Scientists at the Hub have used embryonic stem cells to treat a common form of hearing loss and are now a step closer to a cure for deafness. Sheffield engineers have also used stem cells to repair eye damage that results from accidents or disease. This new technique may help millions of people across the world to retain – or even regain – their sight.
Skeleton_manFurther pioneering research at Sheffield includes the development of new techniques to help nerves heal faster. Novel implants are being designed that use tiny polymer tubes to bridge the gaps between damaged nerves to help them regrow, while a new technique that uses a tiny sample of a patient’s own tissue to grow Schwann cells which boost and amplify nerve growth is also under development.
Scientists also tackle the translation of laboratory research into new treatments and applications on an industrial scale.
One of the biggest challenges is to find cost effective methods to manufacture thousands of millions of cells under uniform and controlled conditions, so all patients can benefit from regenerative treatments, not just the small numbers who rely on small-scale laboratory tissue culture techniques today. A major project at the Hub, in collaboration with universities from across the UK, is exploring how to scale up production.
As well as technological progress, it is also important that the organisations that develop, regulate and implement new medical treatments are ready and able to do so. The University of York’s Professor Andrew Webster leads the £1.5M REGenableMED project that examines these issues. For regenerative medicine to achieve its potential to revolutionise patient care, emerging products must be accommodated into existing health care regulations and adopted by organisations that are accustomed to using more conventional medical products. REGenableMED will shed light on what it takes to translate laboratory discoveries into improved treatments for patients, paving the way for Yorkshire and the UK to compete at a global level.

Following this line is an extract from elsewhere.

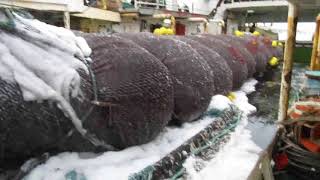 ARRASTRE DE FONDO EN LAS MALVINAS TRAWL FISH MALDIVES [upl. by Aissyla493]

Other York researchers are making important progress in the fields of joint and muscle diseases. Dr Paul Genever is the York lead scientist for the £6M Arthritis Research UK Tissue Engineering Centre – a collaborative project funded by Arthritis Research UK. Dr Genever is exploring methods to rejuvenate old adult stem cells to re-establish their capacity to repair damaged tissues. Of particular interest is his discovery that stressing the cells in a particular way can restore the ability of human cells to form cartilage, providing a promising route to new treatments for osteoarthritis.
Meanwhile, a York colleague, Dr Gonzalo Blanco, is trying to understand why muscles grow when they work hard, but shrink when they remain inactive. Dr Blanco’s research has shown that altering the expression of certain genes in muscles makes them stronger and bigger, even in the absence of physical exercise. This presents the possibility of new treatments to prevent the muscle loss that occurs in immobilised patients, or during disease and aging.
Notably, York scientists have also pioneered methods to produce functioning bladder tissue outside of the body. Professor Jenny Southgate has developed the world’s only laboratory-grown functional “urothelium”- the organised cell layer that lines the inside of the bladder. Not only does this serve as a valuable research tool for the study of bladder disease and the development of medicines, but it also holds immense potential for replacement bladder engineering.
I believe that Yorkshire will reap significant benefits from regenerative medicine, thanks to cooperation between our local universities and strong links with business. It’s not just about better health and wellbeing; this exciting field of medicine is poised to regenerate the economic strength of our region too.